UVA 10407 - Simple division

http://uva.onlinejudge.org/external/104/10407.html

Given a list of \(n\) numbers \(2 \leq n \leq 1000\).  You need to return the largest integer which when divided into each of the input integers leaves the same remainder.

Let's call our list of numbers \(x\), the following expression explain the given situation:

$$\\ x_{1} = q_{1}d + r \\ x_{2} = q_{2}d + r \\ ... \\ x_{j} = q_{j}d + r$$

As we can see from the previous expressions all the numbers on the list when we divided them by \(d\) leaves the same remainder \(r\). We are interesting in the largest \(d\) that has that property.
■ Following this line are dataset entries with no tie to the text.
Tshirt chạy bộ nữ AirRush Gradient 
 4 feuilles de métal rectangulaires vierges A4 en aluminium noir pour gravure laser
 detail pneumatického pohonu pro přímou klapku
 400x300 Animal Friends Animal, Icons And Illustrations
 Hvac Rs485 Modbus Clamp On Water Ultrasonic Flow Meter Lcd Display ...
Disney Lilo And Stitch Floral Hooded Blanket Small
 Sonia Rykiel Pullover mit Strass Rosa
To understand this problem it may be useful first to prove the following theorem if \(a \equiv b (mod \,\, d)\) then \(d | (a - b)\):

$$\\ a = q_{1}d + r \\ b = q_{2}d + r \\ a = q_{1}d + (b-q_{2}d) \\ a - b = q_{1}d - q_{2}d \\ a - b = d(q_{1} - q_{2})$$

Because \(a - b\) can be expressed as the product of \(d\) by some integer without any remainder, we conclude that \(d | (a - b)\). Enough math for the day :) let's focus in the task. Knowing this we take an arbitrary integer from our set of numbers and subtract this amount to all the numbers in our list. To obtain our result (\(d\)) we just calculate the greatest common divisor over the whole list.